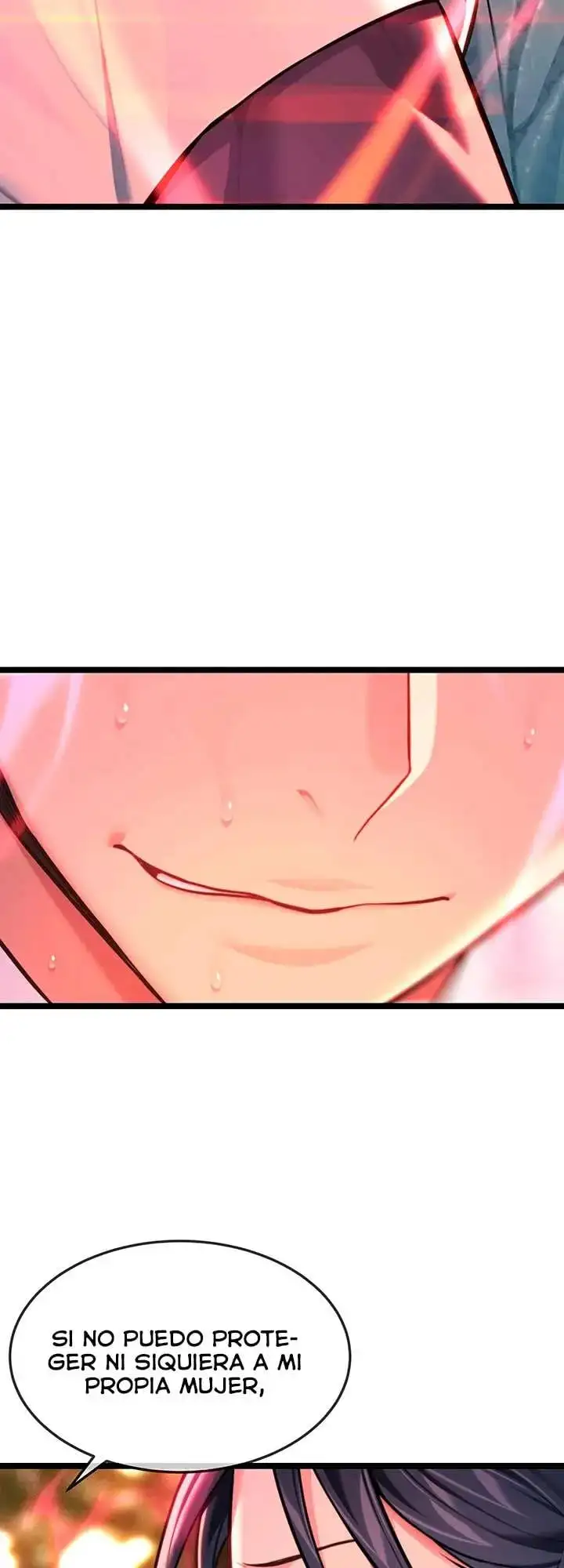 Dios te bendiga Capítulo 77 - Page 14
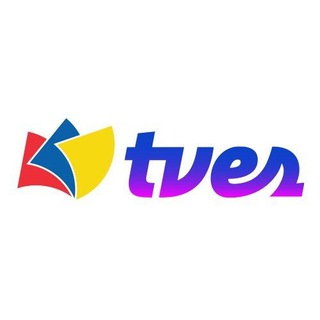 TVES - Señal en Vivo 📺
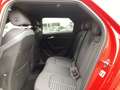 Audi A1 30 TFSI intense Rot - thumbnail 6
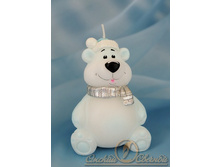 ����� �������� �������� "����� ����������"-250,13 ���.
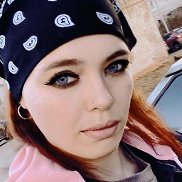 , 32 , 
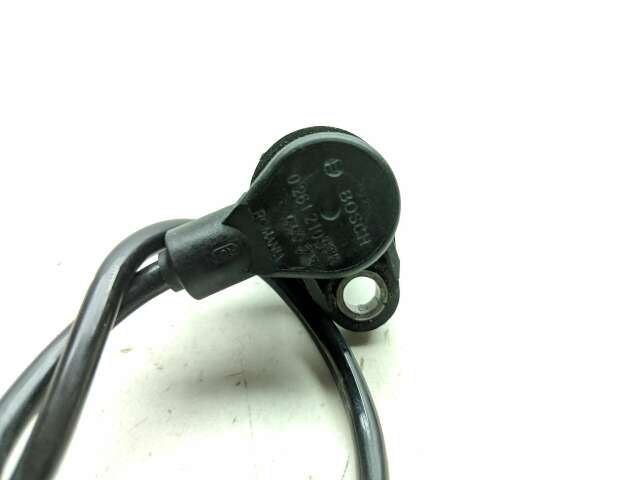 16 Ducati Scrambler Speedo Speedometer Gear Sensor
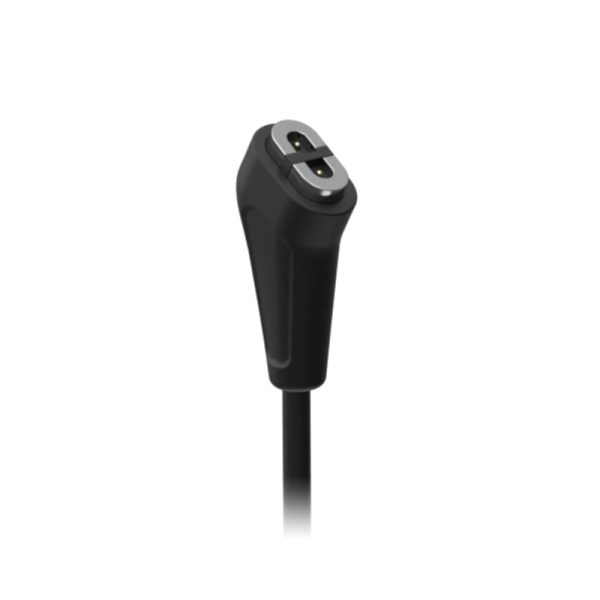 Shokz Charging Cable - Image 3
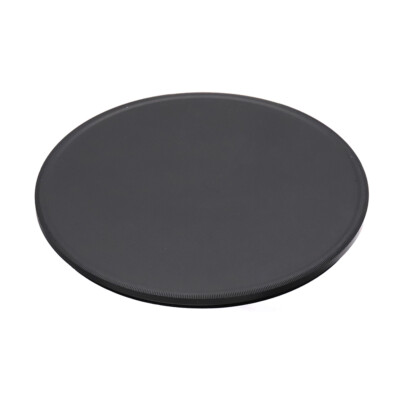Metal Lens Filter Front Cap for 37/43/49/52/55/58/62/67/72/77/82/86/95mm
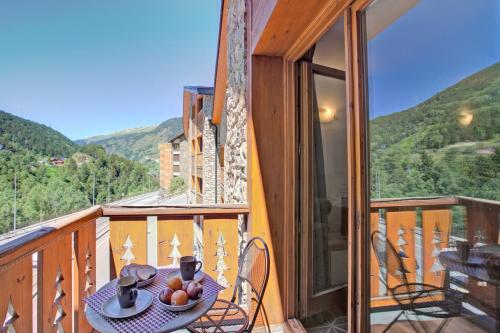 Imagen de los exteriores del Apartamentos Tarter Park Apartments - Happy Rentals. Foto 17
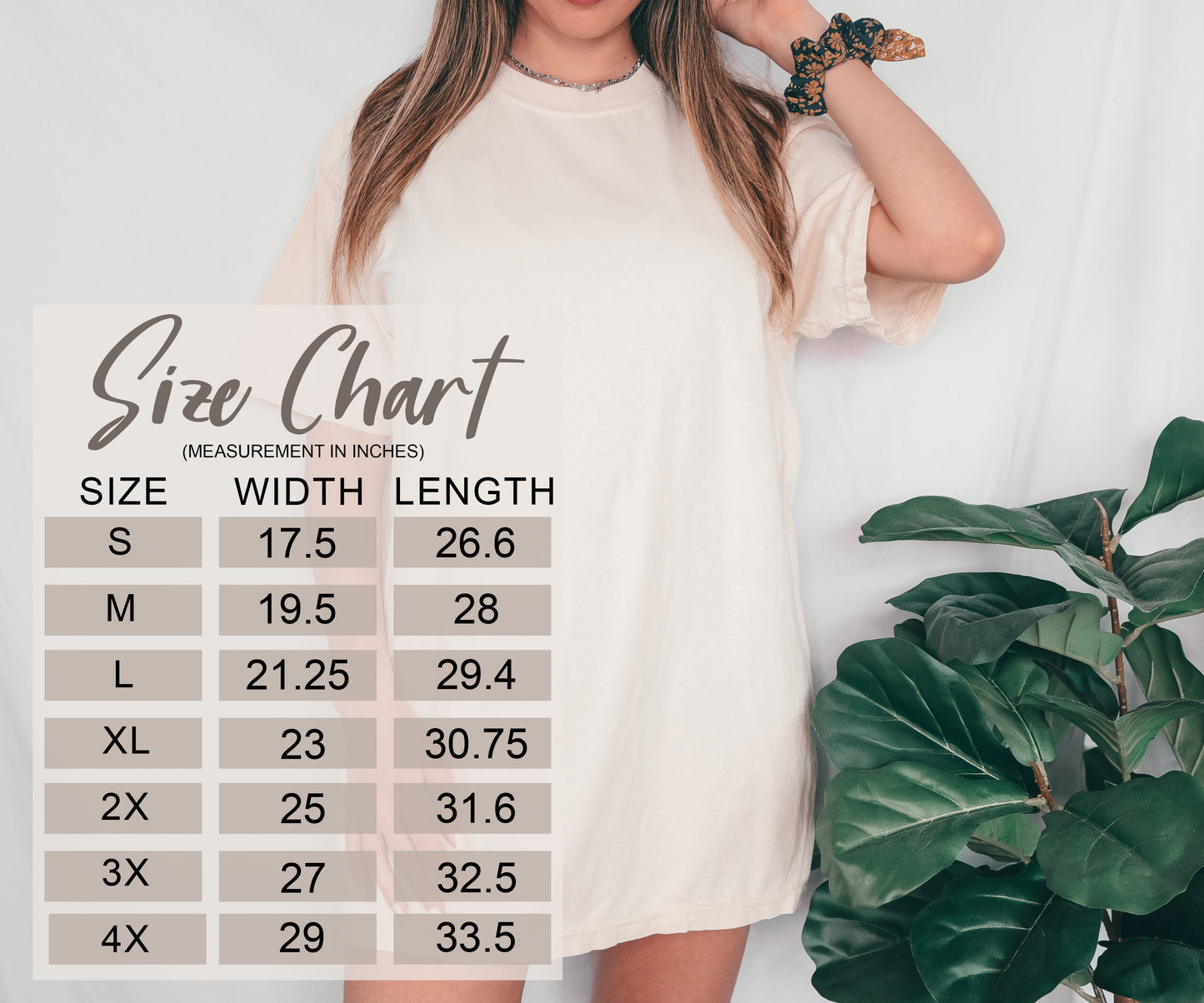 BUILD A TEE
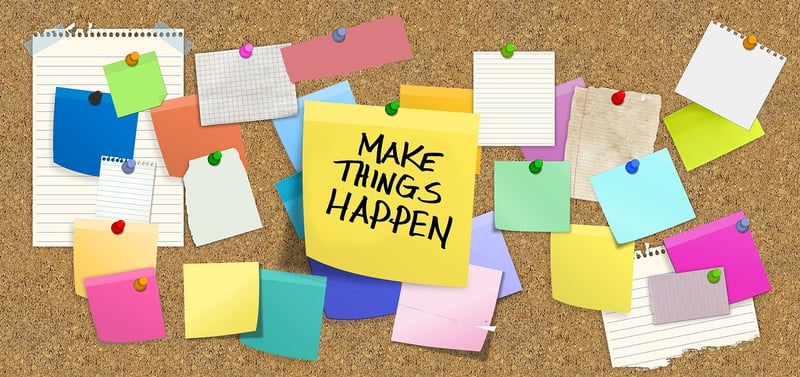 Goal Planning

---------------

### WORK REQUIRED
Copy the entries above exactly from the line with "Shokz Charging Cable - Image 3" down to their last line, both ends included. Do not copy any pictures.

### EXPECTED ANSWER
 Shokz Charging Cable - Image 3
Metal Lens Filter Front Cap for 37/43/49/52/55/58/62/67/72/77/82/86/95mm
 Imagen de los exteriores del Apartamentos Tarter Park Apartments - Happy Rentals. Foto 17
 BUILD A TEE
 Goal Planning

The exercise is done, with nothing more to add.